Oh my ... thinking even more about it, I have to admit
you're right :) But that leaves me somewhat clueless again.
So I'll just try and share my thoughts on this. Maybe
someone will read this and can point me to a possible
solution ... or tell me where I'm wrong.
Say we have a schema with fields f1, f2 and f3. And the user
queries for "a b c" (without the quotes). What I would
expect as resulting query would be (leaving out the details
like tie, boosting etc.):
((f1:a OR f2:a OR f3:a) AND (f1:b OR f2:b OR f3:b) AND (f1:c
OR f2:c OR f3:c))
OR
((f1:ab OR f2:ab OR f3:ab) AND (f1:c f2:c f3:c))
OR
((f1:a OR f2:a OR f3:a) AND (f1:bc f2:bc f3:bc))
(possibly also f1:abc OR f2:abc .. and/or f1:a b c OR f2:a
b c etc. )
So every possibility of how to write compound words is covered.
But then there is the problem that there are fields that
require exact matching (something like EAN, manufacturer
code or product serial number. Unfortunately these can
contain whitespaces etc. So a b c can also be a valid
manufacturer code which sould match as a whole).
So I modeled the fields in the schema accordingly: making
exact match fields string and add ShingleFilter and
WordDelimiterFiler for content fields. And I thought the
fields analyzer stack would take care of how to process the
user input.
But when I pass the user query as phrase to the DisMax
Handler (so that every field gets to see the whole user
query and can tokenize and shingle it) I get a query like this:
(f1:a b c)
OR
(f2:a OR f2:ab OR f2:b OR f2:bc OR f2:c)
OR
(f3:a OR f3:ab OR f3:b OR f3:bc OR f3:c)
which apparently is not what I need as it also would find
for example documents that only contain a or b etc. When
using phrase fields this query is just added to the normal
query and therefore the query fails to find the compound words.
Also using the FieldQuery Analyzer does not yield the
desired results as the parsed queries as a matter of fact
look like the phrase queries from the DisMax parser.
I tried dozends of variations and I'm still pretty sure that
there must be a way to get this working. It doesn't look
that hard. But for now I will settle this for the weekend :)
Have a nice weekend all and thanks in advance for any
comments or replies.
Tobi
Chris Hostetter schrieb:
: Many thanks for your explanation. That really helped me a lot in understanding
: DisMax - and finally I realized that DisMax is not at all what I need.
: Actually I do not want results where "blue" is in one field and "tooth" in
: another (imagine you search for a notebook with blue tooth and get some blue
: products that accidentally have tooth in some field).

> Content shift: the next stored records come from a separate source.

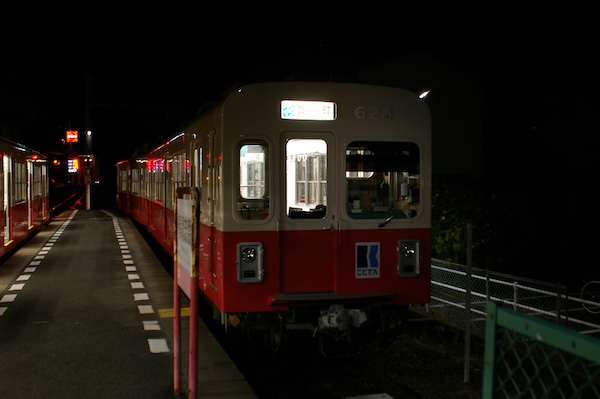 2番線に停車中の車両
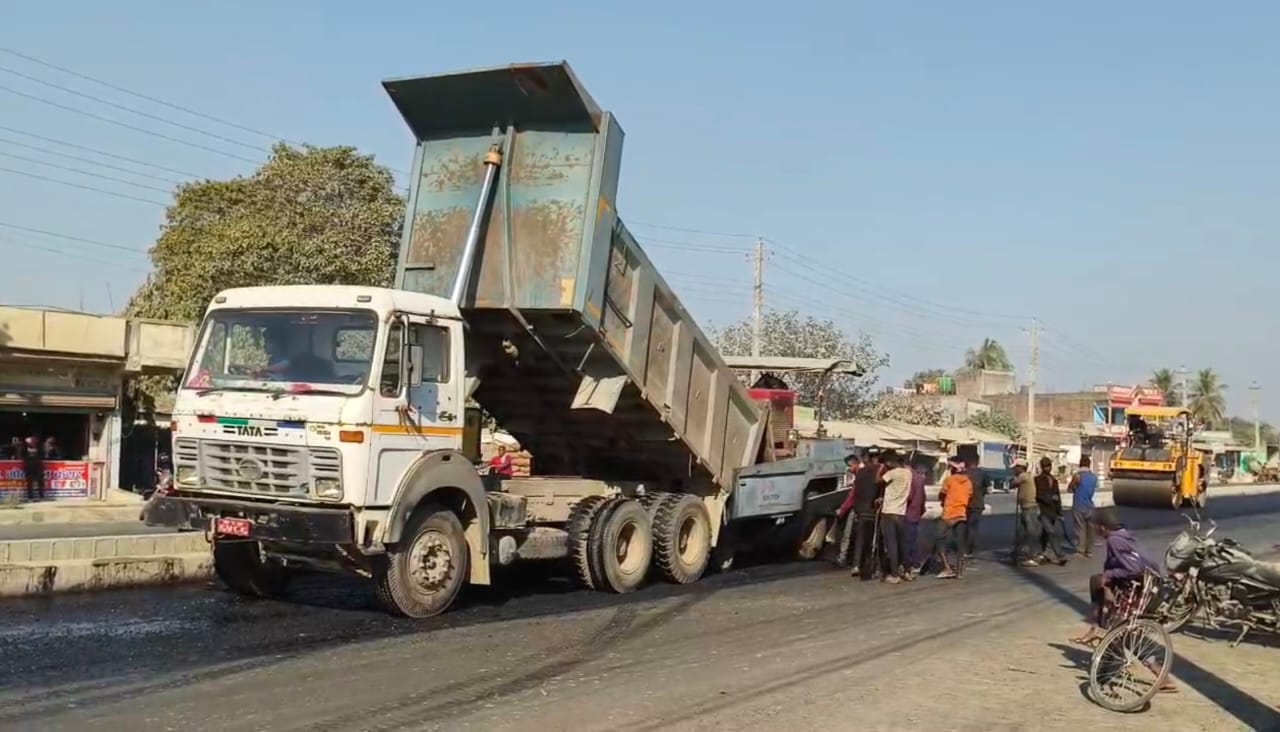 हुलाकी सडक नयाँ बजार खण्डमा दोस्रो चरणको कालोपत्रे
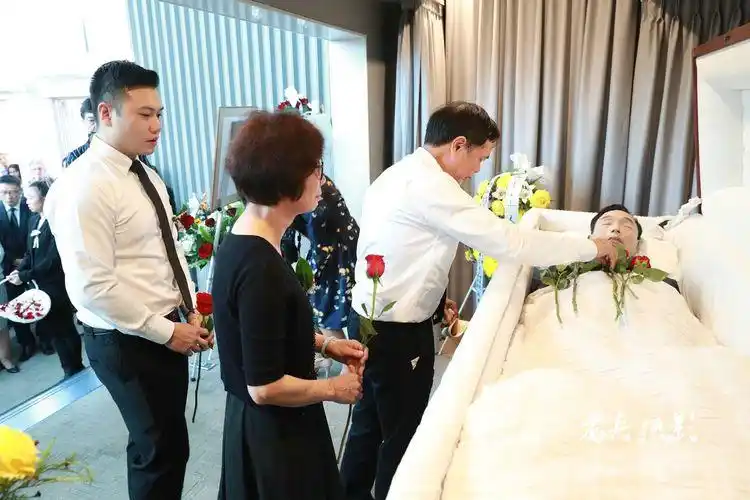 曾路平医生追思会(瞻仰遗容)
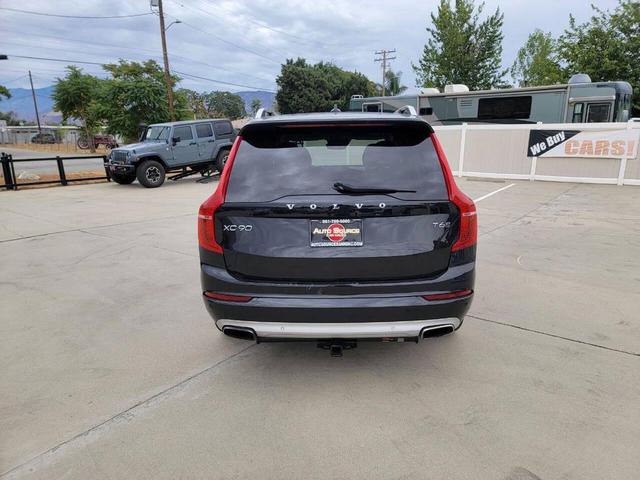 Photo of 2017 Onyx Black Metallic Volvo XC90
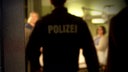 Symbolfoto: Polizist im Krankenhaus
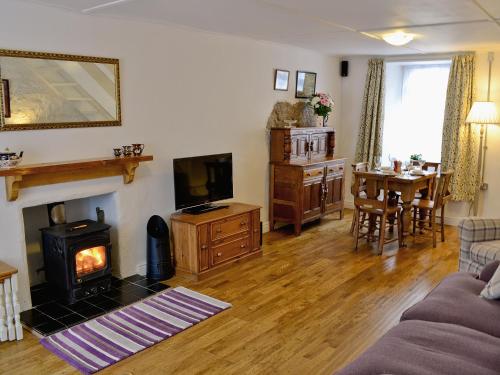 Jackdaw Cottage in Baycliff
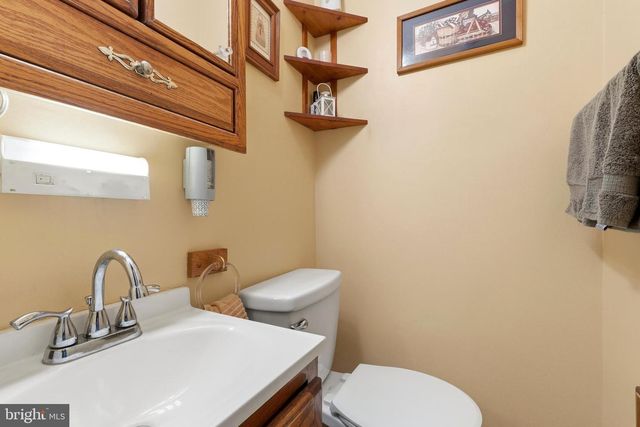 814 CALEDONIA ST, Philadelphia, PA 19128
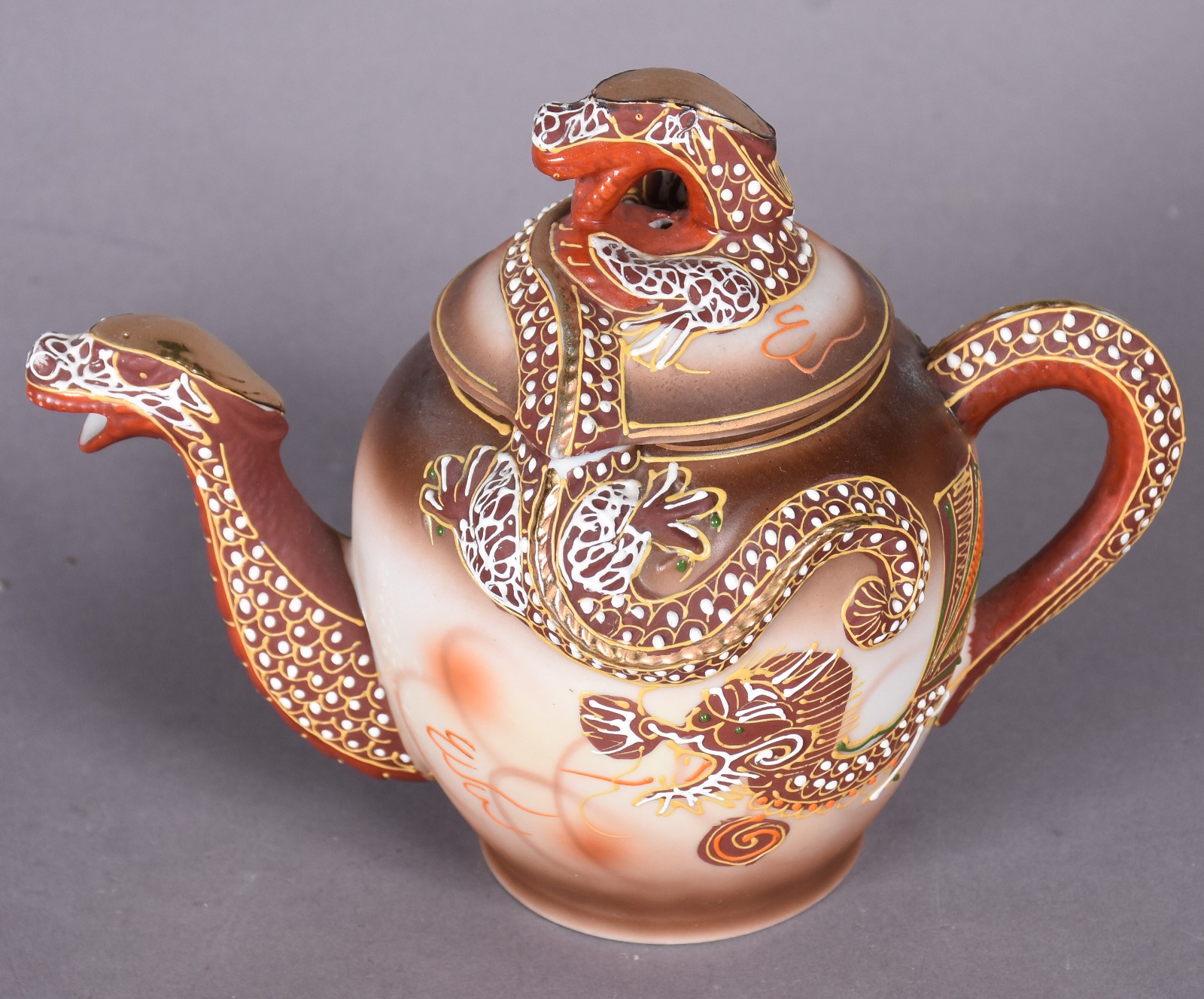 Diversas peças de porcelana oriental, sendo: parte de conjunto com 4... - foto 6 de 7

except that if you use the "pf" param as well, a search for...
blue tooth
can score products where "blue tooth" appears in one field higher then
products where "blue" apears in one field and "tooth" appears in another
field.
The approach you are describing might give you you better precisions (ie:
less total results) but it will have a loss in precision, a query like
this...
blue tooth notebook
...probably won't be able to find documents matching the terms
"product_type:notebook features:blue features:tooth" ... but dismax
can.
-Hoss